■ **Work required**
In the material below, find the line containing "invalid Emote" and the line containing "Imagem 6: Corra". Output those two lines and all lines between them exactly, without pictures.

[Given records — start]

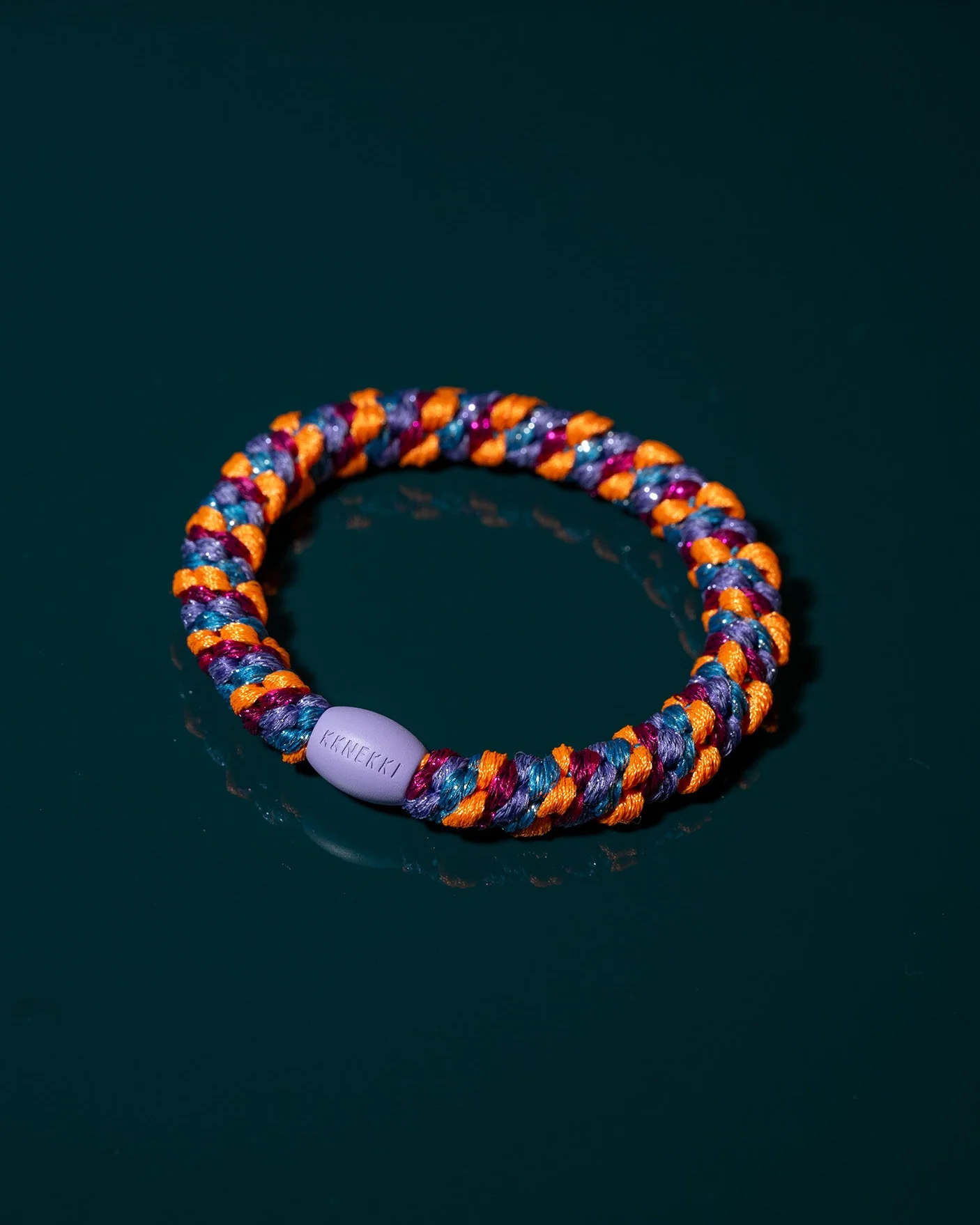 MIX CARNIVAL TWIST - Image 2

[Given records — finish]
[Given records — start]

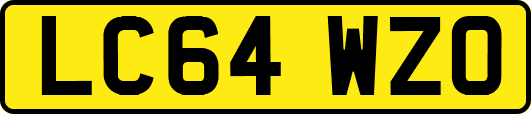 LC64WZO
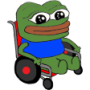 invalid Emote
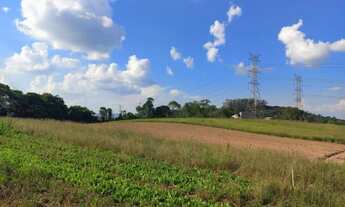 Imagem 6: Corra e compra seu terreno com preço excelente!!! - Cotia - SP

[Given records — finish]

■ **Task answer**
 invalid Emote
 Imagem 6: Corra e compra seu terreno com preço excelente!!! - Cotia - SP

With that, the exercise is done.